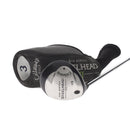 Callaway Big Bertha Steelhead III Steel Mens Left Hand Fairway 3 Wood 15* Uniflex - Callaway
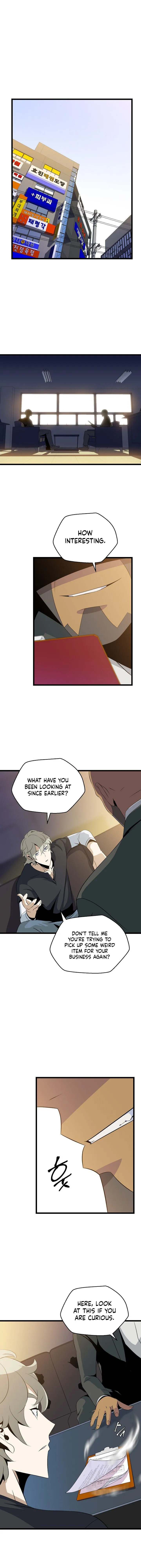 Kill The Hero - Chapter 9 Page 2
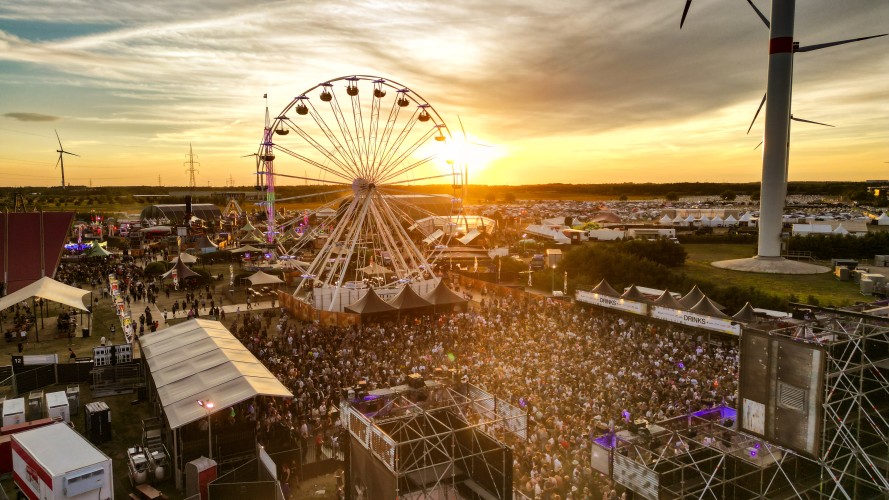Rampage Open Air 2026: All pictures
------------
* Aim of the exercise:
The expected answer is an unaltered copy of the listing, images removed.

* Answer area:
 Callaway Big Bertha Steelhead III Steel Mens Left Hand Fairway 3 Wood 15* Uniflex - Callaway
 Kill The Hero - Chapter 9 Page 2
Rampage Open Air 2026: All pictures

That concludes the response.